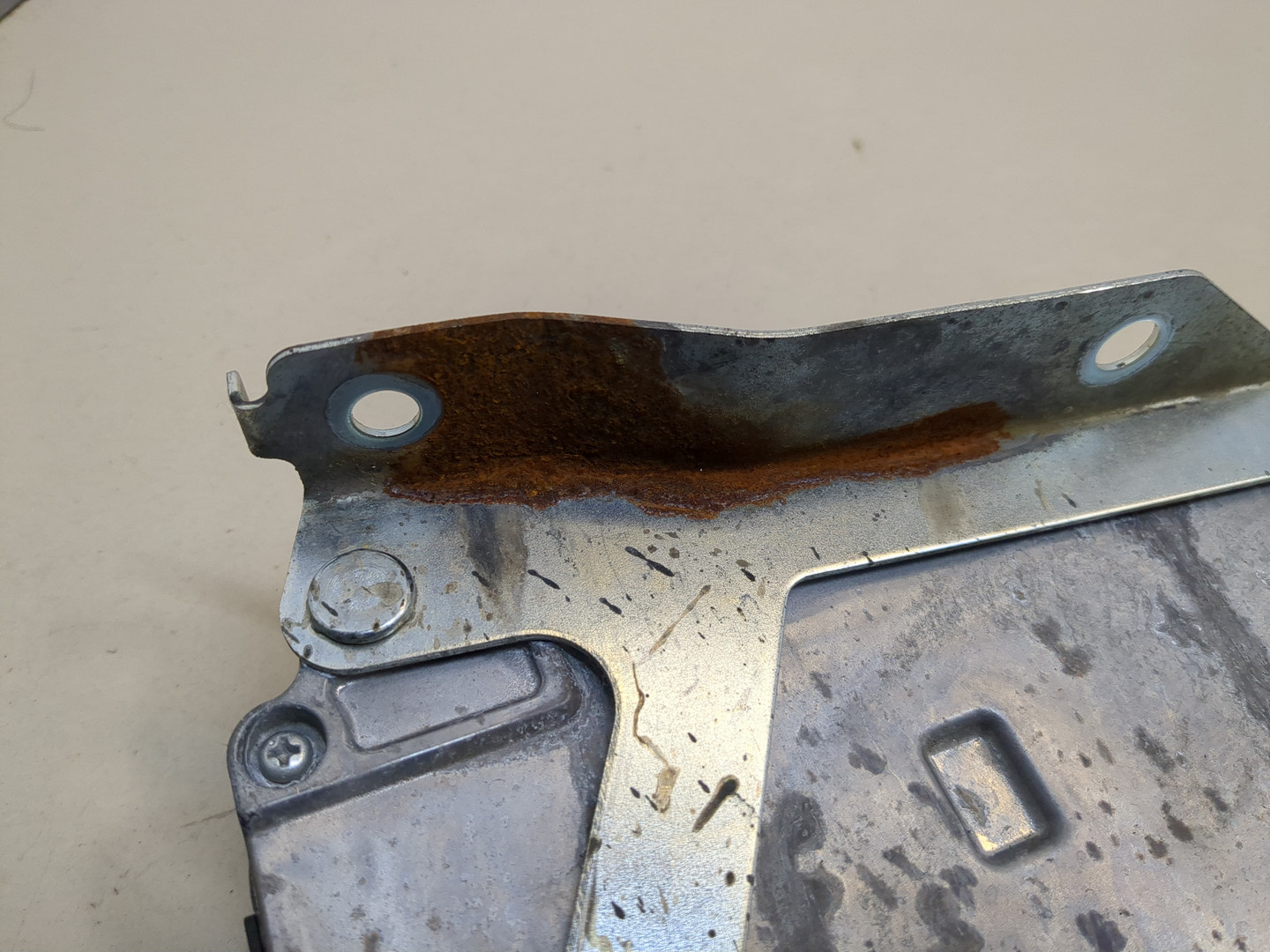 Блок управления двигателем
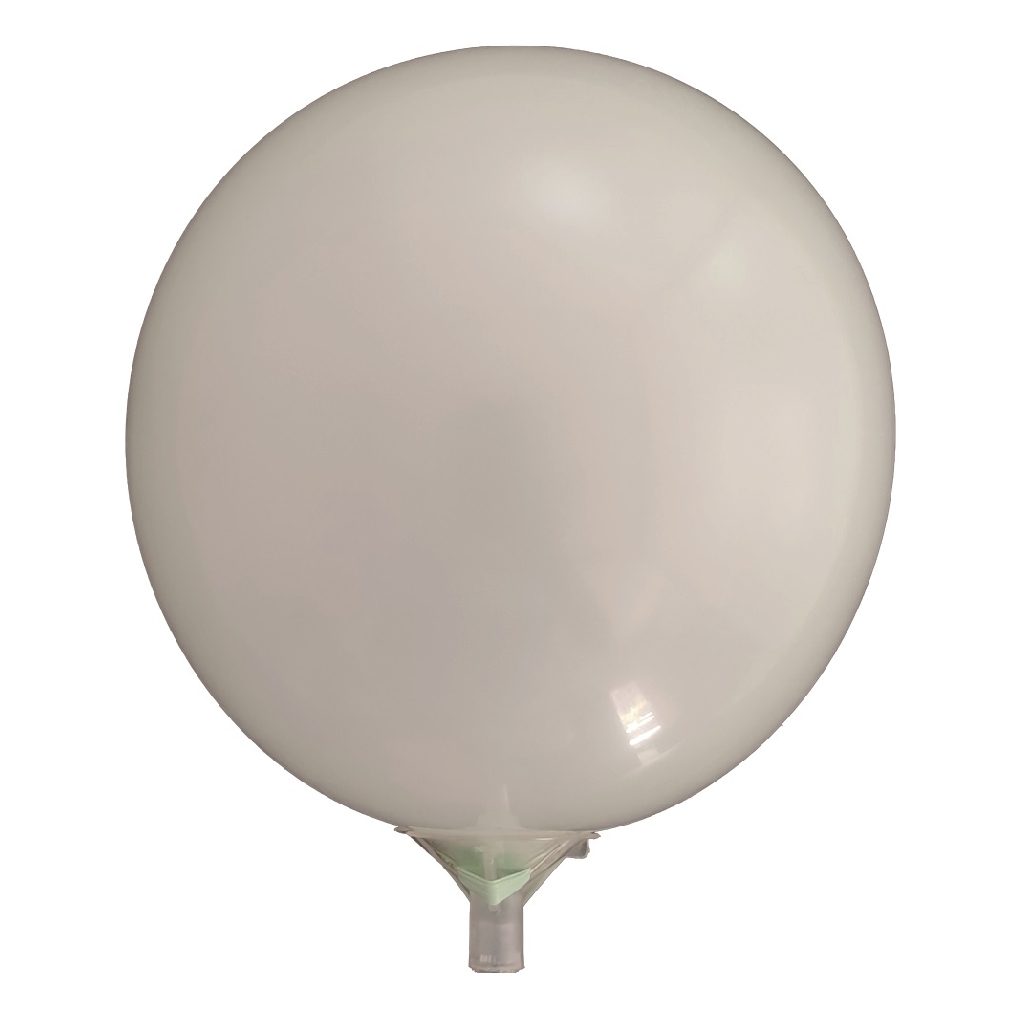 Balon party latex, verde deschis, 12.5 cm, 100 buc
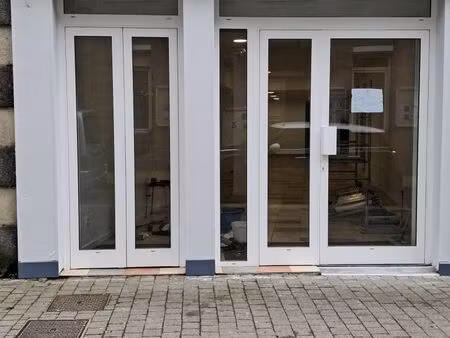 local commercial ou bureaux centre ville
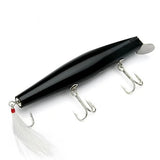 Gibbs Danny Deep Diver Lures-Lures-Gibbs Lures-3 1/4oz-Black-Tackle World
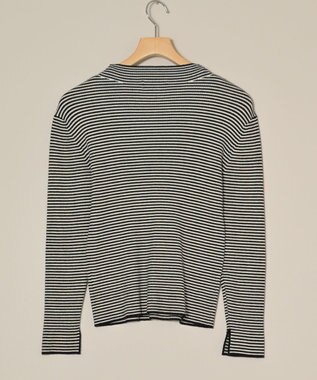 ONWARD Reuse Park 【any SiS】ニット秋冬 ブラック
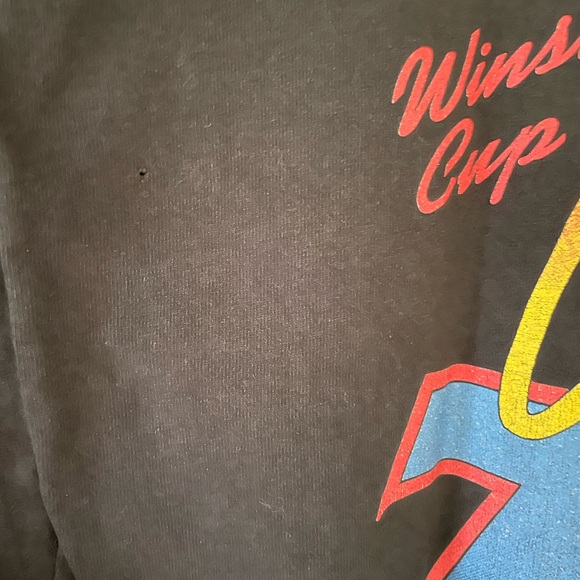 Vintage Dale Earnhardt 3 T Shirt Tee Extra Large XL Nascar Winston Cup 90s - Picture 5 of 7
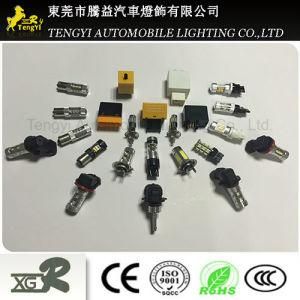 Tengyi Xgr LED Car Light Auto Lamp and LED Turn Light Flasher Winker Relay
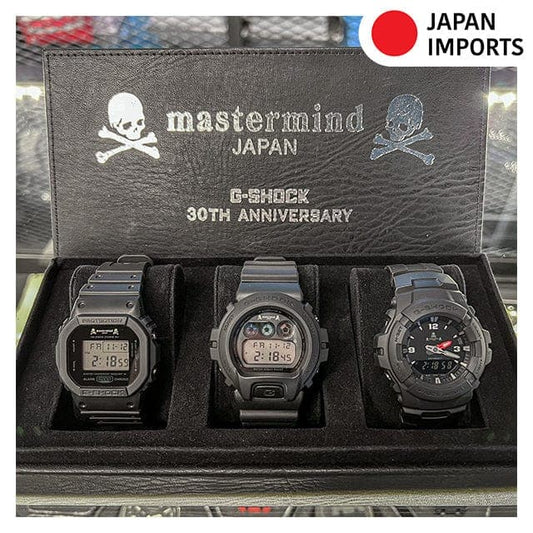 Casio G-shock x Stussy 30TH Anniversary DW-6900 Limited Edition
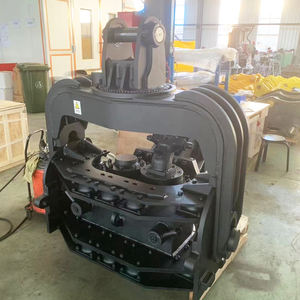 <span class=keywords><strong>Extractor</strong></span> Hidráulico de Pilotes para Excavadora de Uso Pesado, para Cimentaciones y Demolición - Product Image 1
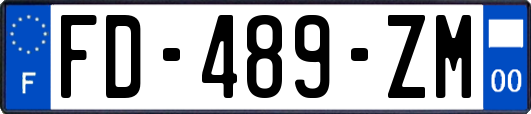 FD-489-ZM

※

Output nothing but the records, word for word, and none of their pictures.

 Блок управления двигателем
 Balon party latex, verde deschis, 12.5 cm, 100 buc
 local commercial ou bureaux centre ville
 Gibbs Danny Deep Diver Lures-Lures-Gibbs Lures-3 1/4oz-Black-Tackle World
 ONWARD Reuse Park 【any SiS】ニット秋冬 ブラック
 Vintage Dale Earnhardt 3 T Shirt Tee Extra Large XL Nascar Winston Cup 90s - Picture 5 of 7
 Tengyi Xgr LED Car Light Auto Lamp and LED Turn Light Flasher Winker Relay
 Casio G-shock x Stussy 30TH Anniversary DW-6900 Limited Edition
 <span class=keywords><strong>Extractor</strong></span> Hidráulico de Pilotes para Excavadora de Uso Pesado, para Cimentaciones y Demolición - Product Image 1
 FD-489-ZM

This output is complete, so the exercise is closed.